From the records that follow, return exactly the lines beginning at the one that contains "Umyvadlo StoneArt LP4514" and ending at the one that contains "Wireless Keyboard and", pictures left out.

== Data shown ==
☆ ☆ ☆ ☆ ☆

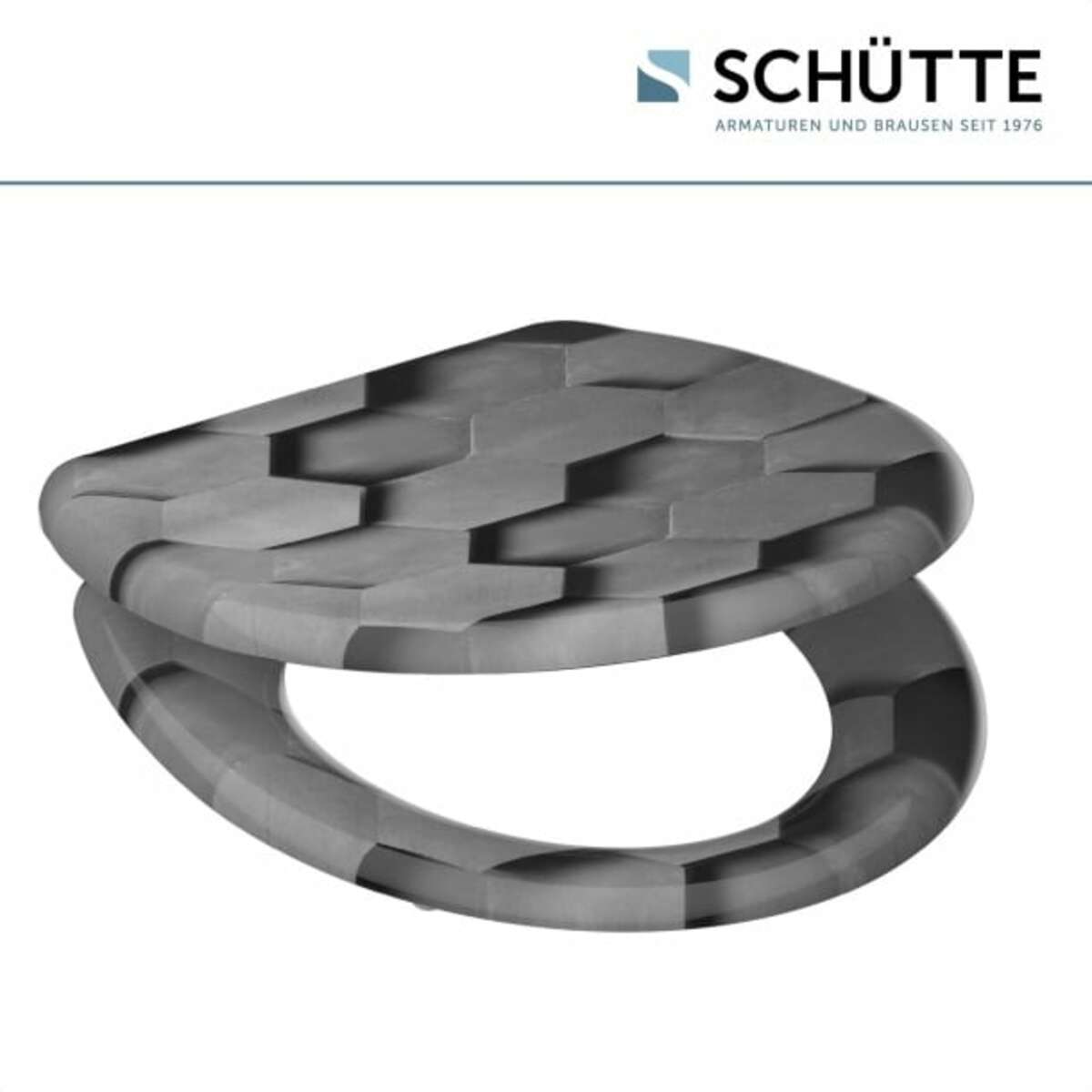 Bild 1 von SCHÜTTE WC-Sitz Hexagons Grau Duroplast Absenkautomatik Schnellverschluss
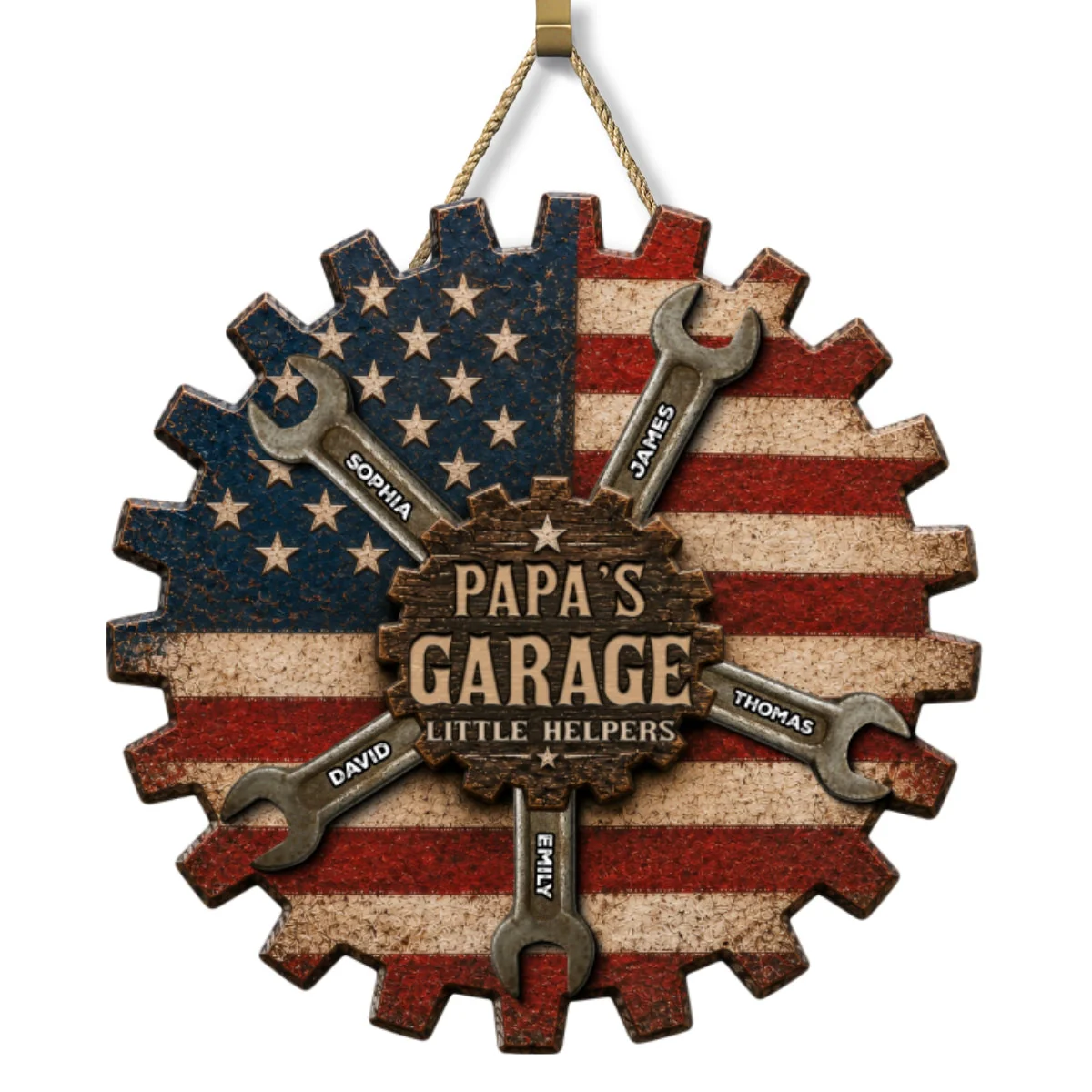 Rustic Workshop Dad Papa's Garage Little Helpers American Flag - Personalized Wooden Sign - Gift For Dad, Grandpa - Image 10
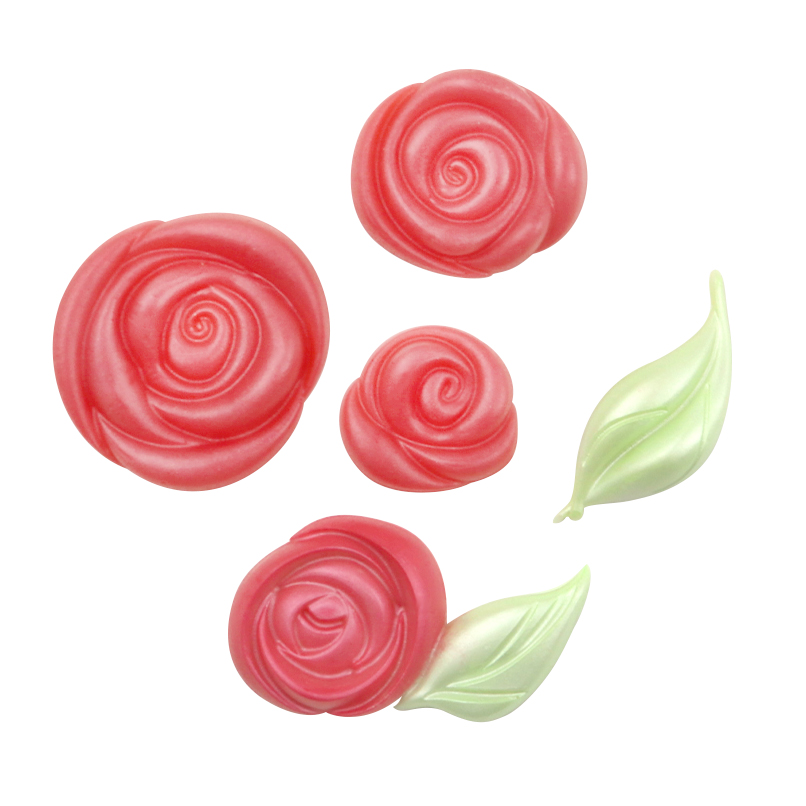 Molde de silicona con forma de rosas y hojas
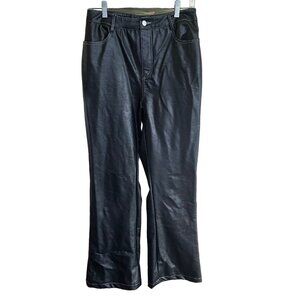 Le Lis Medium Black Faux leather boot cut moto pants M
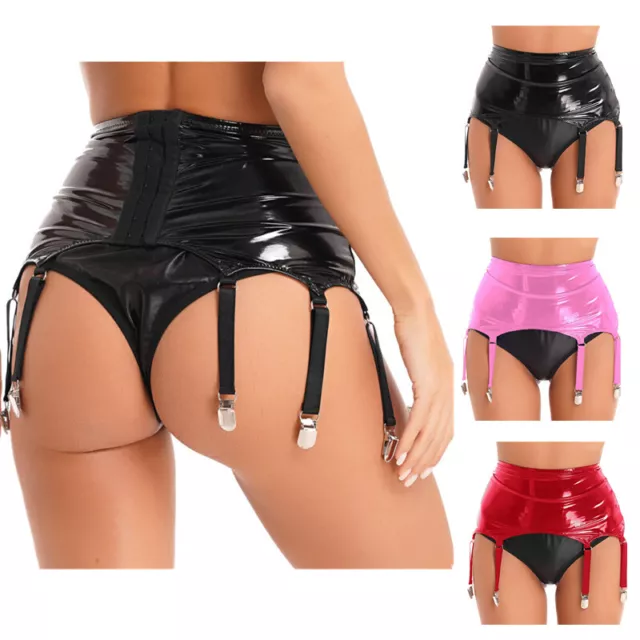 Sexy Damen Wetlook Strapsgürtel mit Strumpfhalter Lackleder Strumpfhose Dessous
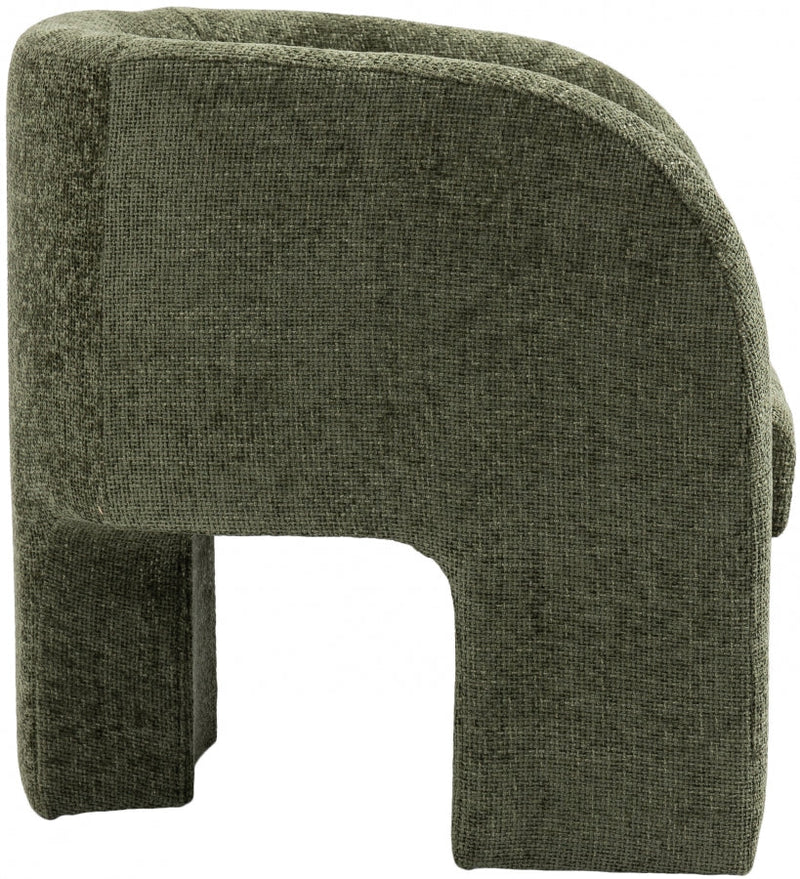 Sawyer Chenille Fabric Upholstered Accent Chair in Green - 493Green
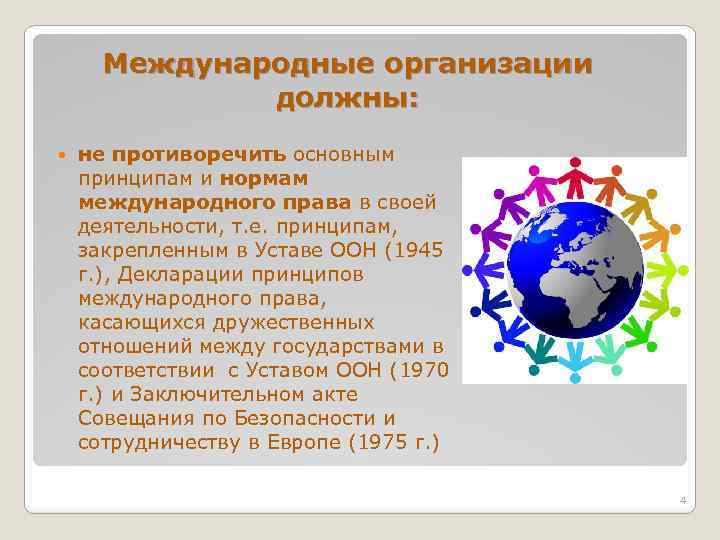 Международные организации должны: не противоречить основным принципам и нормам международного права в своей деятельности,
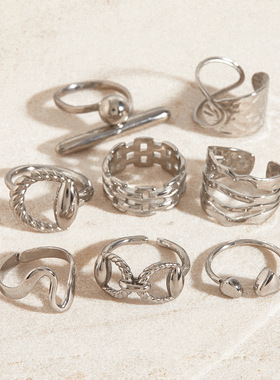 欧美钢色戒指钛钢不掉色轻奢高级感不锈钢饰品rings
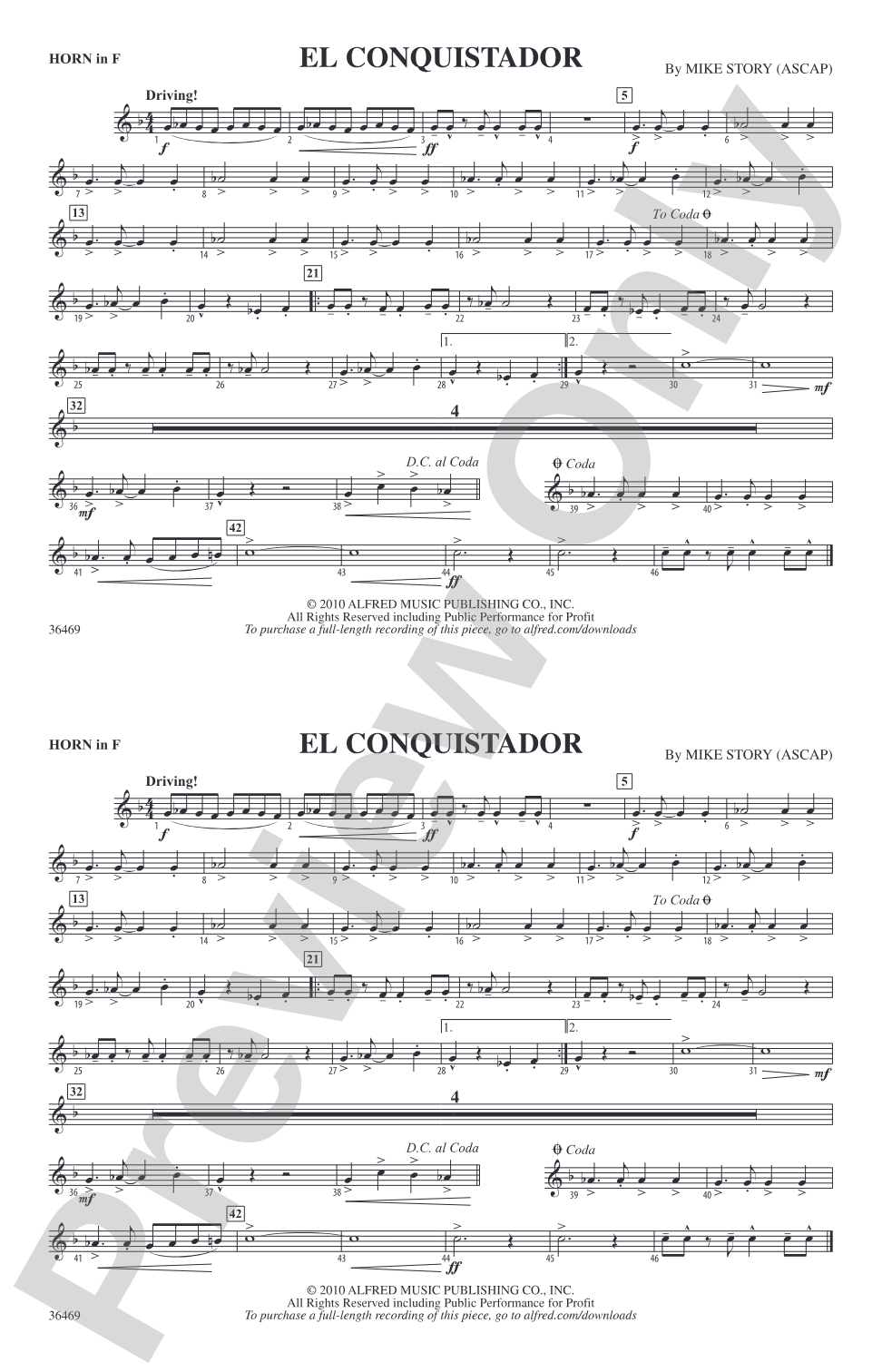 El Conquistador: 1st F Horn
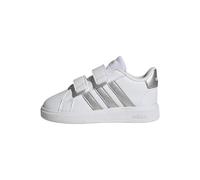 adidas Mixte bébé Grand Court Lifestyle Hook and Loop Shoes, White / Matte Silver / Matte Silver, 24 EU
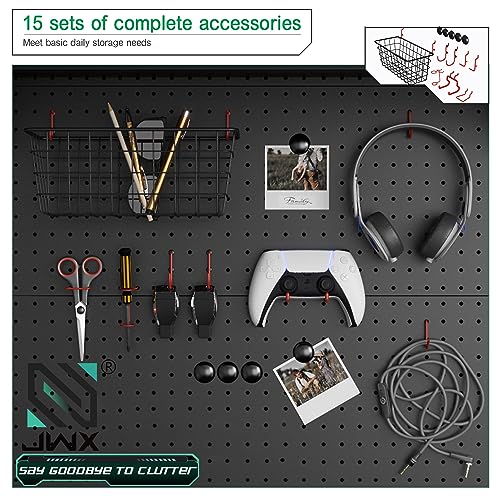 JWX DDB Gaming Standing Shelf Units, 30‘’ Free Standing Gaming Shelf Pegboard Cabinet with Home Office Metal Pegboard and 15 Pieces Organizer Tool Holders - color: Frosted Black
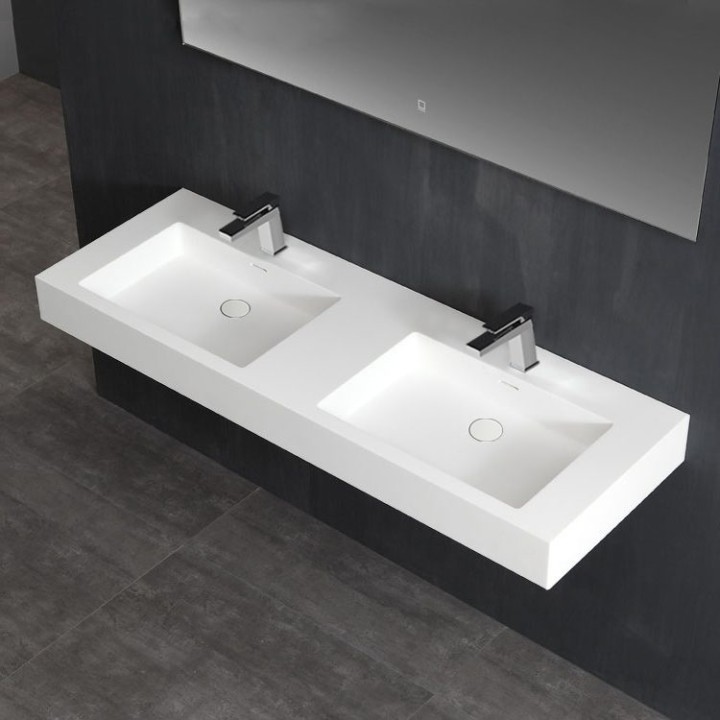 Umyvadlo StoneArt LP4514 z minerálního kamene bílé 140×48 lesklé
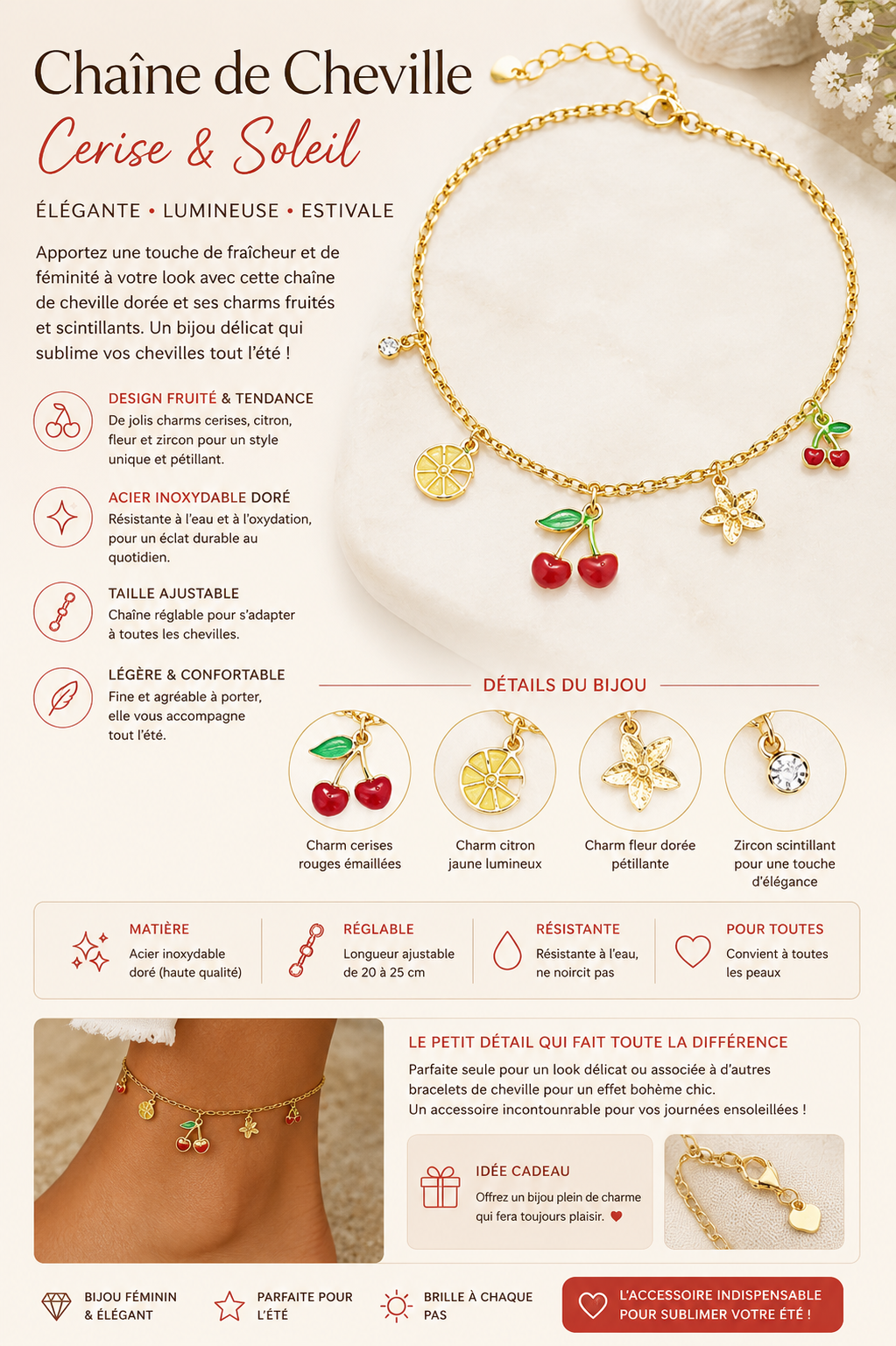 💎 Chaîne de Cheville “Cerise & Soleil” – Bijou Doré Ajustable 🍒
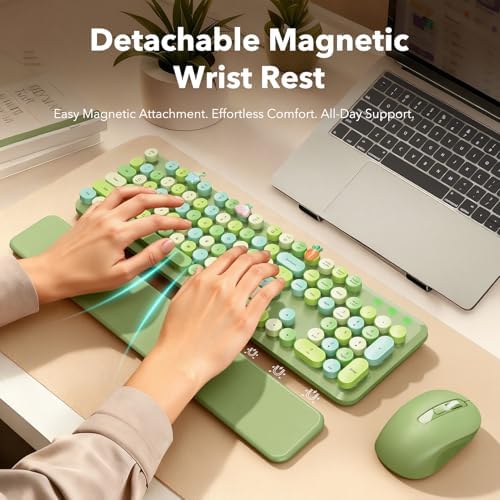 Wireless Keyboard and Mouse Combo, Round Keycap, Magnetic Wrist Rest, Green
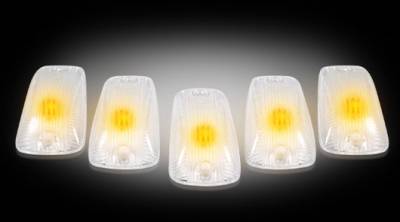 Recon Lighting - GMC & Chevy 88-02 CK Heavy-Duty (5-Piece Set) Clear Cab Roof Light Lenses Only & Amber 194 LED Bulbs - Image 2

☆ ☆ ☆ ☆ ☆

== Solution ==
 Umyvadlo StoneArt LP4514 z minerálního kamene bílé 140×48 lesklé
 💎 Chaîne de Cheville “Cerise & Soleil” – Bijou Doré Ajustable 🍒
 Wireless Keyboard and Mouse Combo, Round Keycap, Magnetic Wrist Rest, Green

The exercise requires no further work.